Infiltrados
(Artículo publicado el sábado, 18 de mayo, en diarios del grupo Prensa Ibérica)
Lo peor
de una película de tensión es intuir su final. Lo peor de un concurso es
conocer de antemano quién es el ganador. Lo malo de un programa es que veas uno
y no tener gana de ver más porque sabes no sólo cómo se desarrollará sino que
te puedes imaginar el final, por supuesto carente de intriga. Hablo de El jefe infiltrado, que volvió hace unas
entregas a La Sexta el jueves por la noche. Si me apuran, te mantiene más
alerta ¿Te lo vas a comer?, también
en La Sexta, los miércoles, por ver a qué colegio, residencia, u hospital
público va Alberto Chicote, se hace
con los menús, y les saca los colores al equipo directivo por la calidad de la
comida, por su elaboración, o por vaya usted a saber, que el cocinero parece un
torillo embistiendo y no se rinde con facilidad. La otra noche le decía a Pablo Motos que se ha tirado los dos
meses de grabación de estas nuevas entregas llorando porque ha visto lo que
jamás podía imaginar.
Lo malo
de El jefe infiltrado es su matemático
formato.

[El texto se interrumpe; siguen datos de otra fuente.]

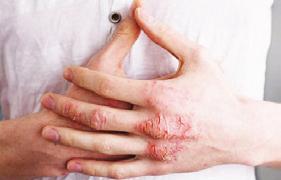 أن اس تخدام املرطب ات واملطري ات يخفف من أعراض األكزيما لكن بما أن األيدي تستخدم لها حل املشاكل الزوجية حيمي األسر من التفك ك تحمينا من الجوع.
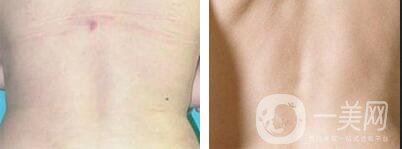 后背溶脂方法,后背溶脂多少錢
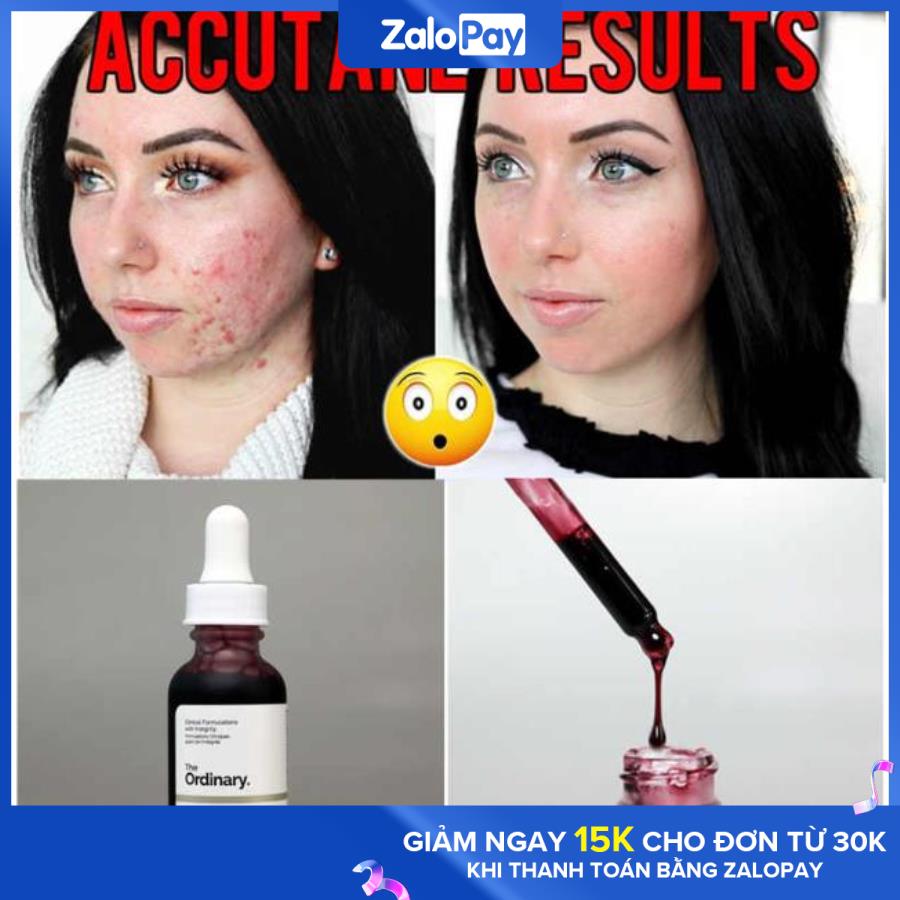 [Hcm]The Ordinary Aha 30% + Bha 2% Peeling Solution 30Ml Dung Dịch Lột Aha 30% + Bha 2% Nguyên Chất 30Ml Mặt Nạ Tẩy Tế Bào Chết 10 Phút Serum Dưỡng Da Xóa Sẹo Mụn Làm Trắng Da Chăm Sóc Da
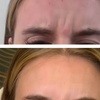 Image 1:  Maintain Youthful Skin: 20 or 40  Units of Jeuveau - 1 or 3 Sessions
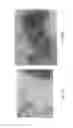Fig. 31 - Medicament for treating peripheral neuropathies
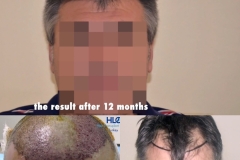 Haartransplantation Geheimratsecken Vorher Nachher HLC 2500 Grafts - Hairforlife.ch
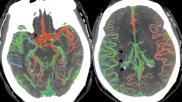 Ischemic stroke CT scan showing color coded blood flow for early and later arterial and venous contrast phases and areas of blocked blood flow. Image courtesy of RSNA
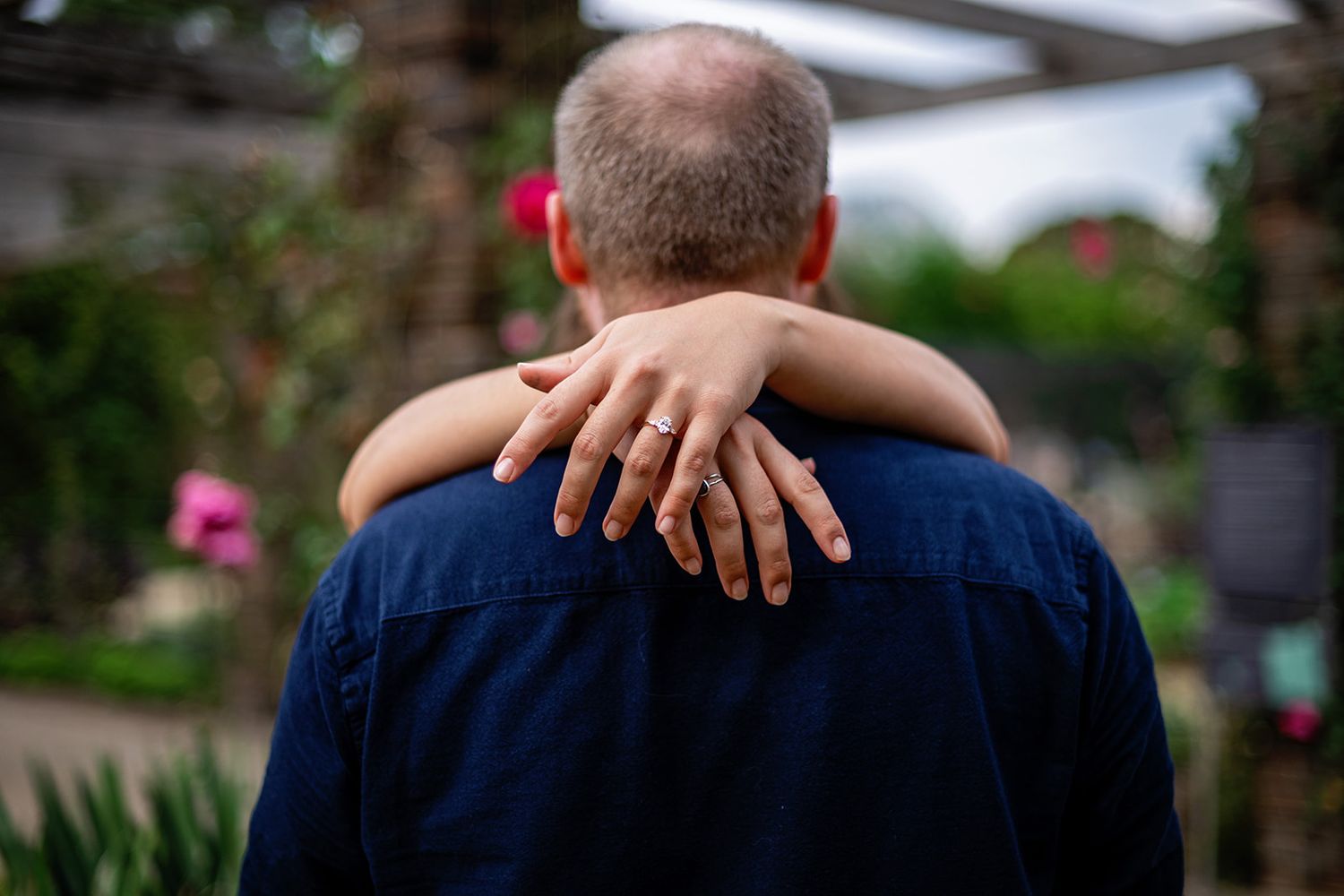 A woman with an engagement ring wraps her arms around a bald man's shoulders in a lush garden setting.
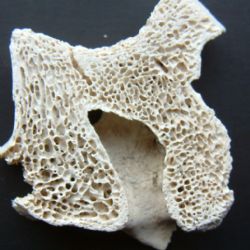 Pondělí je dnem proti osteoporóze
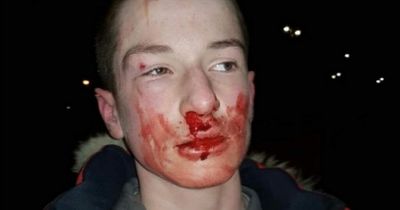 Boy brutally attacked by teen gang in Dublin thought he was 'going to die'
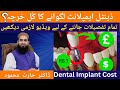 Dental implant cost in pakistan         all you need to know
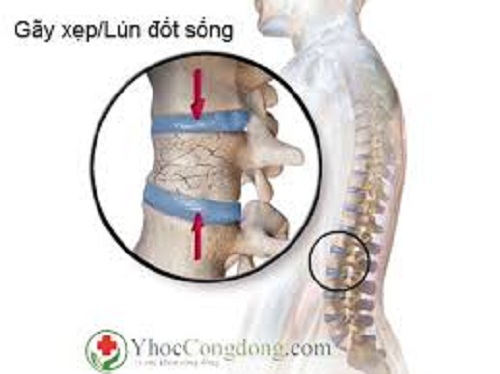 Những tiến bộ trong điều trị xẹp đốt sống lưng do loãng xương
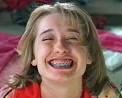 various makeups | fake teeth &amp; dental braces | Allison Mack in 'My ...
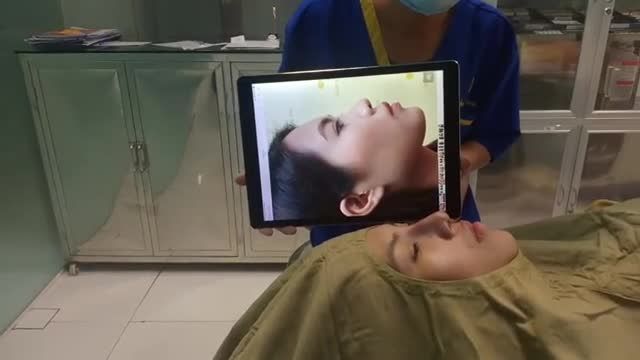 Khách hàng vừa nâng mũi Silver Line tại Dr.Tống Hải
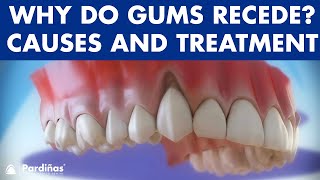 Gum recession  Treatment of gingival retraction © [upl. by Decca]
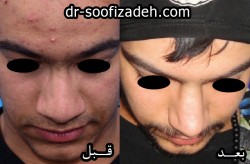 جراحی بینی مردانه صوفی زاده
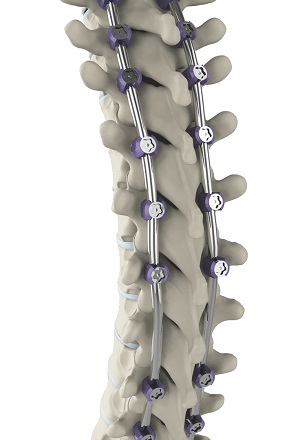 Complex Spinal Reconstruction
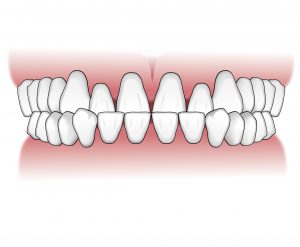 Tratamientos-ortodoncia-intro-03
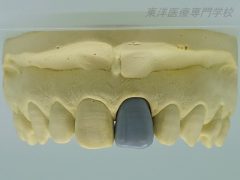 歯冠修復部門　最優秀賞　～上顎左側中切歯のワックスアップ～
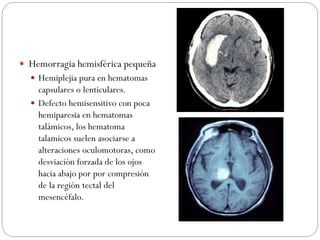  Hemorragia hemisférica pequeña
 Hemiplejia pura en hematomas
capsulares o lenticulares.
 Defecto hemisensitivo con poca
hemiparesia en hematomas
talámicos, los hematoma
talamicos suelen asociarse a
alteraciones oculomotoras, como
desviación forzada de los ojos
hacia abajo por por compresión
de la región tectal del
mesencéfalo.
 
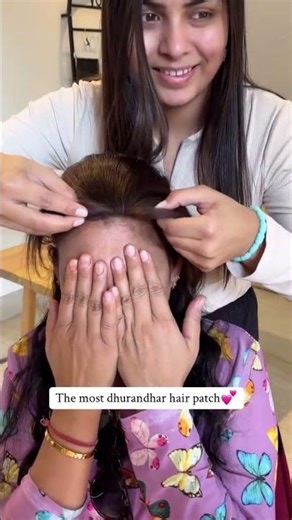 Front Hairline Patch for Forehead Hair Thinning | Natural Hairline Cover for Women | The Shell Hair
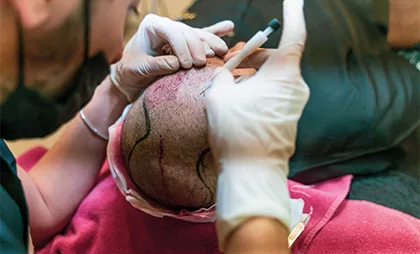 Fue Hair Transplant 07 jpg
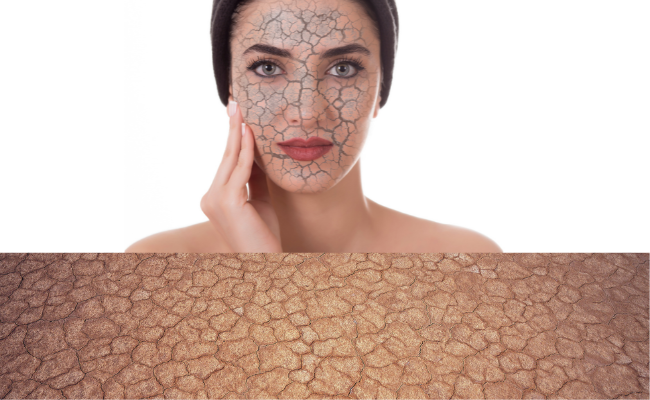 How to Treat Xerosis?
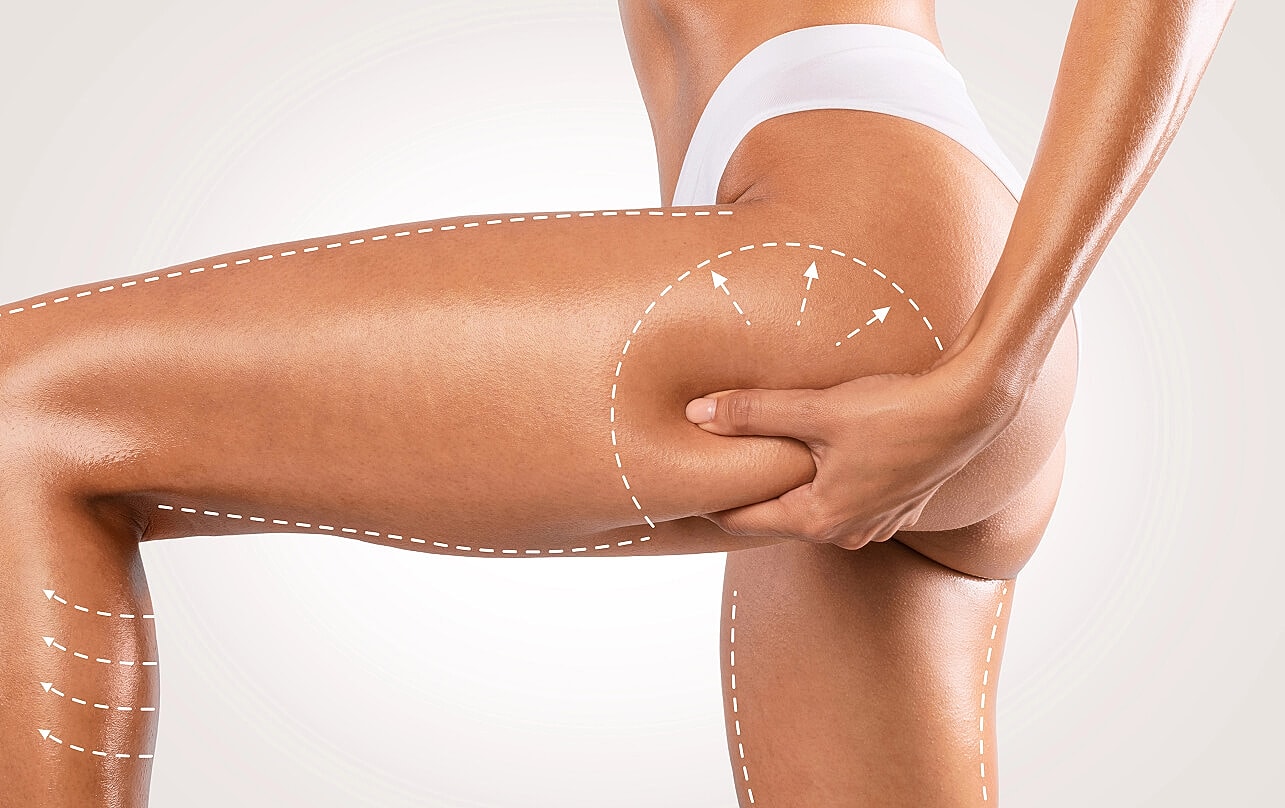 The Truth About Fat Transfer: Is It a Good Fit for You?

Se presenta la empresa, el jefe o la jefa ve que hay secciones que no
acaban de funcionar bien, y para conocerlas sin que nadie se lo cuente, el
señor o la señora, los dueños del negocio, se transforman en otra persona para
infiltrarse en su propia compañía y codearse con los trabajadores. Siempre es
igual, lógico. Luego dan con un trabajador, que tampoco depara sorpresas. Tiene
sus vicios, sus malos modos, su intransigencia, incluso se ha desviado tanto
del sello de la marca que su jefe se siente tentado a echarlo, pero en el fondo
es un tipo de primera. Luego viene la charla personal, las lágrimas, y luego,
ya en el despacho, la revelación, “soy tu jefe”, la regañina, y el premio por
ser tan buen trabajador. Siempre igual.